Lincoln spoke those words when there were but 34 million Americans and half a continent remained to be settled. Today, however, the United States is a nation of some 264 million souls on a continent developed beyond Lincoln's imagination. It is also a nation experiencing immigration on a scale never before seen. In the past three decades, since the passage of the Immigration and Nationality Act Amendments of 1965, the first major revision in American immigration statutes since the historic closure of immigration in the 1920s, some 20 million immigrants have entered the United States. To put those numbers in perspective: prior to 1965 the period of heaviest immigration to the United States was the quarter century preceding the First World War, when some 17 million people entered the country—roughly half the total number of Europeans who migrated to the United States in the century after 1820 (along with several hundred thousand Asians). The last pre-war census, in 1910, counted about 13.5 million foreign-born people in the American population, in contrast to about 22.5 million in 1994. Historians know a great deal about those earlier immigrants—why they came, how they ended up, what their impact was on the America of their day. Whether America's historical experience with immigration provides a useful guide to thinking about the present case is the principal question I want to address. I want not only to explore the substantive issue of immigration but also to test the proposition that the discipline of history has some value as a way of knowing and thinking about the world.

With respect to immigration itself, I intend to explore two sets of questions:

* Why did people migrate to America in the past, and what were the consequences, for them and for American society, once they landed?

* Why are people migrating to America today, and what might be the consequences, for them and for American society, of their presence in such numbers?

A generation or two ago upbeat answers to the first pair of questions so pervaded the culture that they cropped up in the most exotic places—in Tunisia, for example, on July 9, 1943. The occasion was the eve of the invasion of Sicily, and General George S. Patton Jr. was addressing his troops, who were about to embark for the battle. He urged, "When we land, we will meet German and Italian soldiers whom it is our honor and privilege to attack and destroy. Many of you have in your veins German and Italian blood, but remember that these ancestors of yours so loved freedom that they gave up home and country to cross the ocean in search of liberty. The ancestors of the people we shall kill lacked the courage to make such a sacrifice and continued as slaves."

In his own inimitable idiom Patton was invoking what for most Americans was—and still is—the standard explanation of who their immigrant forebears were, why they left their old countries, and what was their effect on American society. In this explanation immigrants were the main-chance-seeking and most energetic, entrepreneurial, and freedom-loving members of their Old World societies. They were drawn out of Europe by the irresistible magnet of American opportunity and liberty, and their galvanizing influence on American society made this country the greatest in the world.
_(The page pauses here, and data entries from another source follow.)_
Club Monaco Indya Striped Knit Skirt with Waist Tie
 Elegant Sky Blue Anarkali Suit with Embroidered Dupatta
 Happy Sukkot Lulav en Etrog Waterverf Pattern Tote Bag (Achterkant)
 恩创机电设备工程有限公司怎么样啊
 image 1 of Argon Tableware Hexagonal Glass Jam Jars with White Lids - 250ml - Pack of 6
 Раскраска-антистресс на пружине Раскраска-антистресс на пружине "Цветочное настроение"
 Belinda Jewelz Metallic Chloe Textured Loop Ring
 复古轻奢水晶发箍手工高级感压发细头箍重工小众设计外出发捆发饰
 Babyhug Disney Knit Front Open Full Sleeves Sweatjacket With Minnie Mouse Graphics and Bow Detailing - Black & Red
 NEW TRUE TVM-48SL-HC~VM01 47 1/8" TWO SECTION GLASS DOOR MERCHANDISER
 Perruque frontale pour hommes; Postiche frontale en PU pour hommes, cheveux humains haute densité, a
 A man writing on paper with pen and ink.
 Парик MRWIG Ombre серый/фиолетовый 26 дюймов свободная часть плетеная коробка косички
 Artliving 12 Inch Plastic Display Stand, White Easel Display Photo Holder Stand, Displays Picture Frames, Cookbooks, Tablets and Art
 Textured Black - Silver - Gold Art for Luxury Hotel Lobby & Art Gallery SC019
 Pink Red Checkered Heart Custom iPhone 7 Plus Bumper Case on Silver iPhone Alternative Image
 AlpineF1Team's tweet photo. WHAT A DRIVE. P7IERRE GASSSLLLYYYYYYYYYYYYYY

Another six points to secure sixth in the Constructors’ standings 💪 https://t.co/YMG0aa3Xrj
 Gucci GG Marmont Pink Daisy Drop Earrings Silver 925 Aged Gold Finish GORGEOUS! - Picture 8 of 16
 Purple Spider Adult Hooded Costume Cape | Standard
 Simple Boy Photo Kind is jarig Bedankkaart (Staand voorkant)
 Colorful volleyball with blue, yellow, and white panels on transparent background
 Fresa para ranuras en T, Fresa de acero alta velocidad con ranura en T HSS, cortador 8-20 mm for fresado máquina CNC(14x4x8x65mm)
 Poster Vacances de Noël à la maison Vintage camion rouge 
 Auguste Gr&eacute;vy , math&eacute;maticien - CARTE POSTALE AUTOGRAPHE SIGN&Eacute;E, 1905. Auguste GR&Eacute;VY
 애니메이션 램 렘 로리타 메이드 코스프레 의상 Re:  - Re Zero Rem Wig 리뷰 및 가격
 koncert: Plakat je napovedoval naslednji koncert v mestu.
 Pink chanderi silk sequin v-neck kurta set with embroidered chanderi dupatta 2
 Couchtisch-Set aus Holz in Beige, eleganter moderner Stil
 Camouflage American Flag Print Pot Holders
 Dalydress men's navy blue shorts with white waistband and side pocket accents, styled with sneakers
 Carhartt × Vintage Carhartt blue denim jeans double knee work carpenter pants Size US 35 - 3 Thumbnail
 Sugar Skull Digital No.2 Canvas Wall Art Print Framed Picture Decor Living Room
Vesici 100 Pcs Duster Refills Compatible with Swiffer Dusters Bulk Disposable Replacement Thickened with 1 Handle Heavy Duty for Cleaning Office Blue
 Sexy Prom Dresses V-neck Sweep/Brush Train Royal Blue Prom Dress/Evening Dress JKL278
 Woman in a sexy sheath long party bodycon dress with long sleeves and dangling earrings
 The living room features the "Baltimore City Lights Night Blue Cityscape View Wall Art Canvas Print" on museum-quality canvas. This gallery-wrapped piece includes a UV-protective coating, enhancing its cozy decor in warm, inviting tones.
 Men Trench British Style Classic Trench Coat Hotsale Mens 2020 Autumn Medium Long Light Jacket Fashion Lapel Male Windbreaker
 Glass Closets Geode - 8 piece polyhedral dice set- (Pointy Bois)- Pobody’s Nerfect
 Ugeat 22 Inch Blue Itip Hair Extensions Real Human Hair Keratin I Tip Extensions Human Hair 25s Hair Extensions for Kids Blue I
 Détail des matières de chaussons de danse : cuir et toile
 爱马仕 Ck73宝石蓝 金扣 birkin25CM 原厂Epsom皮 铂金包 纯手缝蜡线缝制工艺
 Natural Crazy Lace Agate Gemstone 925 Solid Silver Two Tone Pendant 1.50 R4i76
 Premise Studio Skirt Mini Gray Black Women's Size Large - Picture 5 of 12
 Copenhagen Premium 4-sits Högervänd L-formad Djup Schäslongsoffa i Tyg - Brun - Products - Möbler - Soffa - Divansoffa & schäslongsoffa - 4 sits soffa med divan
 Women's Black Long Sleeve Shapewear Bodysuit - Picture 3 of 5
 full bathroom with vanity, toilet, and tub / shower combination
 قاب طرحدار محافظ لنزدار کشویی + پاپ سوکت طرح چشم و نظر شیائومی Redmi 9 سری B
A radically different explanation of immigration has also historically been at work in the American mind. As the noted social scientist Edward Alsworth Ross put it in 1914:

Observe immigrants not as they come travel-wan up the gang-plank, nor as they issue toil-begrimed from pit's mouth or mill-gate, but in their gatherings, washed, combed, and in their Sunday best. . . . [They] are hirsute, low-browed, big-faced persons of obviously low mentality. . . . They simply look out of place in black clothes and stiff collar, since clearly they belong in skins, in wattled huts at the close of the Great Ice Age. These ox-like men are descendants of those who always stayed behind.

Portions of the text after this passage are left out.